С другой стороны, характерный для советской философии “историцизм” (или в русском контексте “историософия”), т.е. убеждение в существовании объективной цели в истории был вовсе не одним лишь результатом внешнего воздействия, но также и критерием, значимым и “внутри” самих институтов. Этим объясняется, на мой взгляд, ожесточенная критика тех концепций внутри и вне марксизма, что явно или неявно провозглашали альтернативную философию истории (будь то экзистенциализм, неогегельянство или религиозная философия). Напротив, было значительно легче интегрировать в состав признанных дисциплин идеи аналитической философии и теории науки.

Таким образом, лишь анализ взаимодействия нормативных комплексов “идеологии” и самуй науки объясняет особенности институционализации советской философии. За недостатком времени я не буду рассматривать этот процесс в деталях, а ограничусь лишь выводом и проиллюстрирую его несколькими примерами.

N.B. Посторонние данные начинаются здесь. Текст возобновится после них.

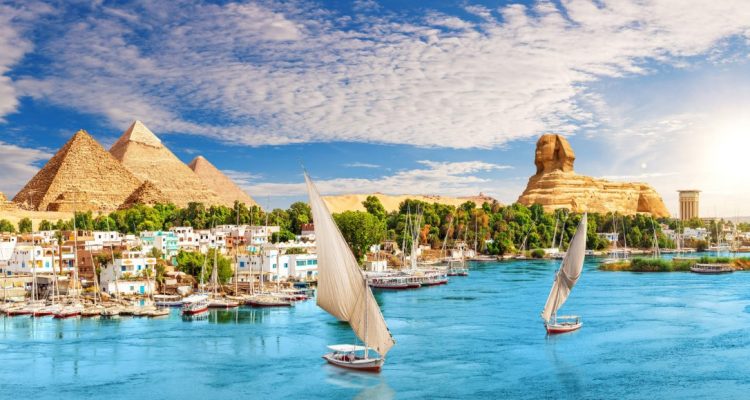 Skyline panorama of Aswan city on the way to the Great Sphinx and Pyramids of Egypt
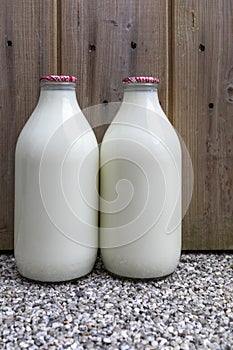 Two Milk Bottles on a Doorstep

Отличительной чертой процесса “вторичной институционализации” советской философии было то, что философия в ее так сказать “эксплицитной” форме лишалась своей основной функции по отношению и к науке и к “жизненному миру”, и в то же время складывались многочисленные формы научных учреждений, перенимавших функцию философии, но консолидированных на базе частных наук. Этот процесс происходил в двоякой форме: с одной стороны, как формирование разветвленного комплекса так наз. “общенаучных дисциплин” и соответствующих им научных учреждений, деятельность которых заключалась как раз в анализе предпосылок науки, а с другой стороны, как процесс дифференциации самуй философии на “специальные философские дисциплины”, которые выступали по отношению к философии как “частные науки”, занимающиеся разработкой отдельных вопросов на основе не подвергаемых сомнению предпосылок.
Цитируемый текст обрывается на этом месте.